Bill Self knew it, too.

So the plan, regardless of what Self or anybody else said publicly, was never for the Jayhawks to get to the Final Four without Joel Embiid because that was always unlikely. The plan, rather, was to just get through the first two games of this NCAA Tournament without Embiid, somehow, and then be at full strength for the Sweet 16.

Stanford, of course, had other plans.

"The game was a struggle from the opening tip," Self said Sunday. And that basically summarizes things, doesn't it? The Jayhawks were terrible inside of the arc and outside of the arc, and they weren't good defensively, either.

The result?

A 60-57 loss in the Round of 32 to a Stanford team that finished 10-8 in the Pac-12, and, just like that, the Jayhawks' season is over -- as is the college career of Andrew Wiggins.

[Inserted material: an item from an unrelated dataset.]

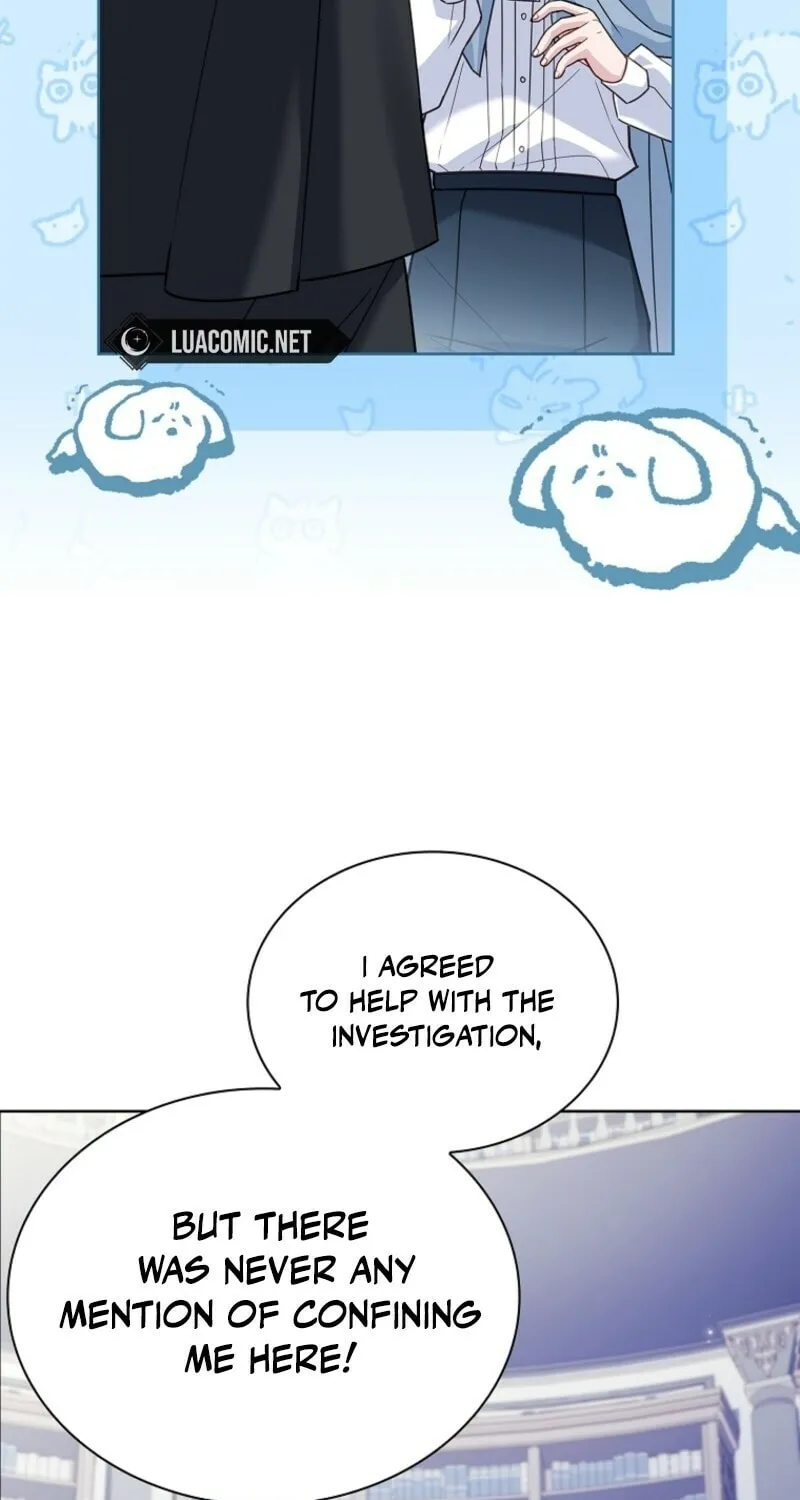 Read The Lady Needs a Break chapter 177 image 18 on Lezhin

No, Wiggins did not make a formal statement about his future after the game or say much of anything, really; he's a quiet young man who was especially quiet in KU's locker room here at the Scottrade Center, obviously distraught over a performance during which he was neither aggressive nor sharp while going 1 of 6 from the field and finishing with four points. But it should be noted that Wiggins announced in the preseason that he would only spend one year in college, and there's no reason to think his plans have changed considering he's still the projected No. 1 overall pick of June's NBA Draft.

So Wiggins is gone.

And Embiid could be, too.

I talked with the the Cameroonian in the locker room, and he seemed just as upset as Wiggins. Two months ago, Embiid was so dominant for a stretch that the Jayhawks became a title favorite while the 7-footer replaced his teammate on most NBA big boards thanks to an array of post moves and a unique ability to alter shots. Now Embiid was sitting in a chair, head in hands, left to wonder forever what might've been if not for a stress fracture in his back that ended up sidelining him for the final six games of his freshman season.

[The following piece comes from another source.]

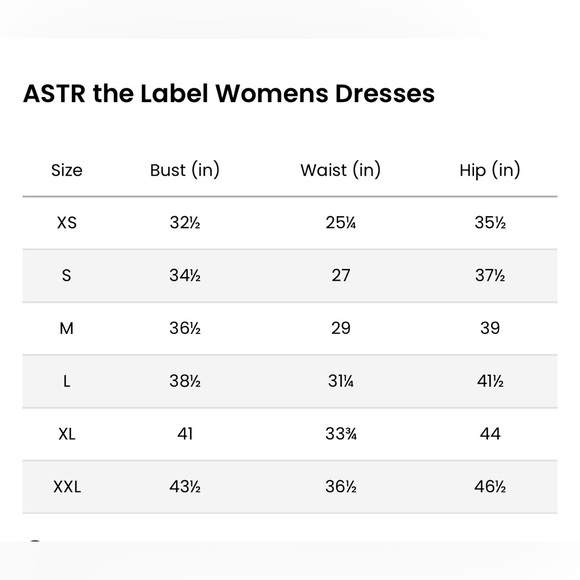 ASTR the Label Lizbeth Dress in White M - Picture 10 of 13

Would Embiid have played in Thursday's Sweet 16?

I asked him that specifically.

"Yes," Embiid answered before later adding that he wanted to play Sunday, and that he would've played Sunday if only KU's training staff would've allowed it. But they wouldn't. So he watched. And now the Jayhawks will miss the Sweet 16 for the first time since 2010.

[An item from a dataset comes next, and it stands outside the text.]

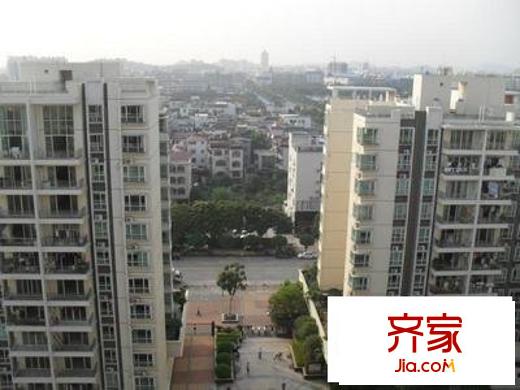 活力盈居外景圖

"It was pretty hard watching them lose," Embiid said. "I felt like I could've helped."

He most certainly could've.

Either way, now five-star recruits Cliff Alexander and Kelly Oubre are set to enroll, meaning the Jayhawks will be good again regardless of whether Embiid returns to school. But this will still forever be KU's season of unanswered questions.

What could Cincinnati have done in 2000 with a healthy Kenyon Martin? What could North Carolina have done in 2012 with a healthy Kendall Marshall? Those questions have haunted UC and UNC fans, and now Kansas fans have their own version.

What could Kansas have done in 2014 with a healthy Joel Embiid?

We'll never know for sure.

But what could Kansas do without a healthy Joel Embiid?

For that question, we have an answer ... and the answer is not much .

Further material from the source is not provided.